That’s how I met Chantal Louw and Thessa Bos, the collective and owners of The Fringe Arts. Their aim is to make art more accessible. And they do that with an art-store. A pop-up store to be exact. Pop-up is very common in other countries, but still new to South Africa.
The Fringe Arts offers excellent design and art and gets feedback like "This is better than the exhibition," and "The best selection of Cape Town art and design ever".
Both coming from the arts, Thessa used to be a commercial and cultural officer of the Netherlands consulate and art historian Chantal was in charge of the popular arts gallery João Ferreira in Cape Town, they both decided to give up secure jobs to follow a dream. After 1,5 years of brainstorming and concepting, they decided to be a mobile gallery. Mobile, pop-up, a store that moves around. The limit is to be at a spot for no longer than four months.
The Fringe Arts uses empty spaces, unused spaces and is also part of an exhibition if possible. The Fringe Arts pops up and wants to work against the frustration that art could seemingly be enjoyed by only a select few. Chantal and Thessa’s philosophy: bringing art to broader public.
A mishmash of creative output
The Spier Contemporary 2010 exhibition was a great opportunity and a great start. "This is exactly what we wanted," says Thessa Bos.
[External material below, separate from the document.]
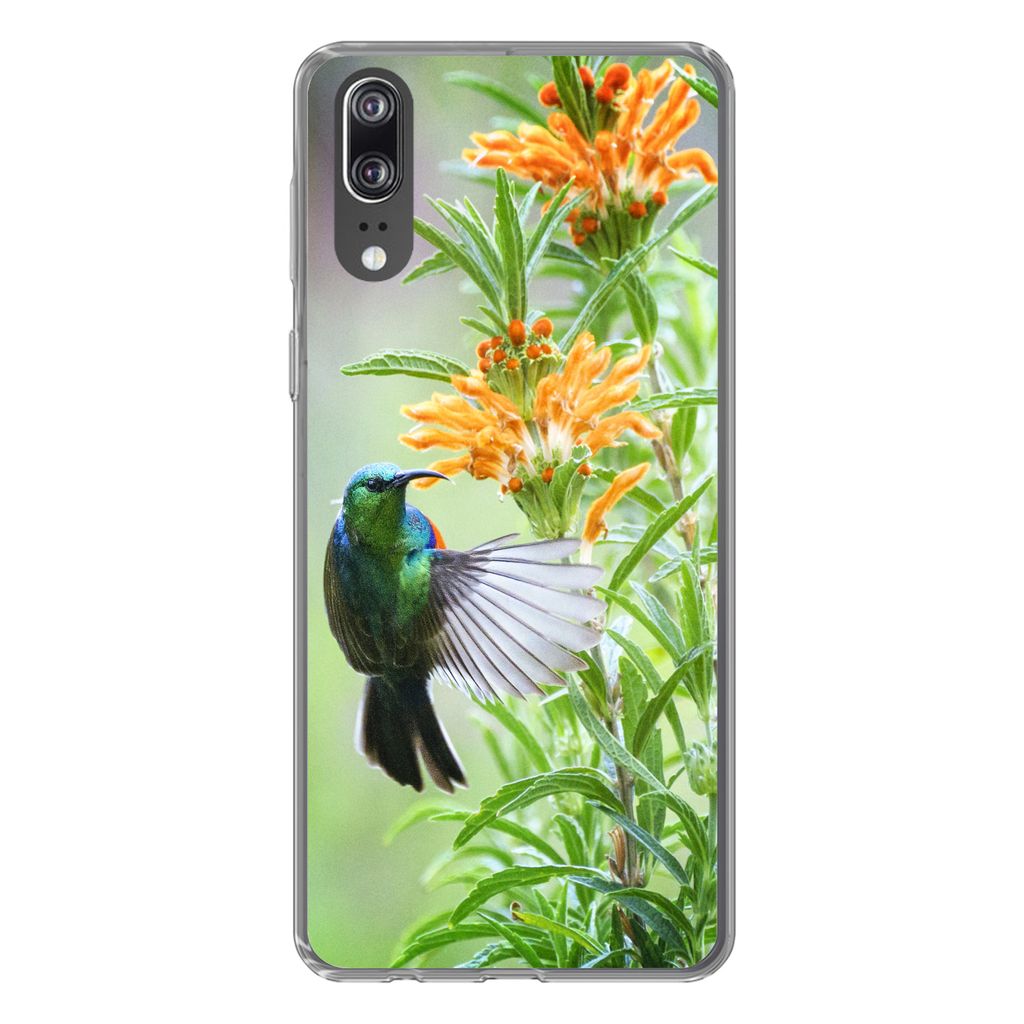 MuchoWow Handyhülle Schutzhülle Hülle für Huawei P20 Nahaufnahme eines bunten Vogels neben Pflanzen mit orangefarbenen Blüten Silikon Softca...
The Fringe Arts is a store/gallery, a 100% local, with only South African design. Thessa says "We combine design with art. We work with people who really create something original". Furthermore she says, "With us you can buy an art piece for R2000, that’s an important aspect."
The Financial Mail portrayed The Fringe Arts in May 2010 like this: "The store is populated by a mishmash of creative output, such as chairs made out of old suitcases, tea cup candlesticks and wooden tennis racket frames with mirrors in them." Not much to add. At The Fringe Arts you will find designs you know from the Neighbourgoods Market at the Old Buscuit Mill, jewellery from Skermunkil for example (I loved her stuff so much, she even made my engagement ring).
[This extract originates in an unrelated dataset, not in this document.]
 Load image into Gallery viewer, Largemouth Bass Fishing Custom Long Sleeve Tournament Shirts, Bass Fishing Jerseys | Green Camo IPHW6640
Thessa and Chantal meet designers and artists, check which works fit the particular pop-up and decide on a price with the artists. Craft and art-stores in South Africa usually focus on Africa with very African themes. „We felt there was a need for something else“ says Thessa. At the Fringe Arts you won’t necessarily find animals, beads and co – "this is another market," Thessa says.
The Fringe Arts started in the recession, a pop up in empty spaces makes sense. It’s a profit share with the artists and benefits all sides.
"In the end we cater for ourselves. We know each other’s budgets, we know how we tick. Now we brought it all together", concludes Thessa Bos.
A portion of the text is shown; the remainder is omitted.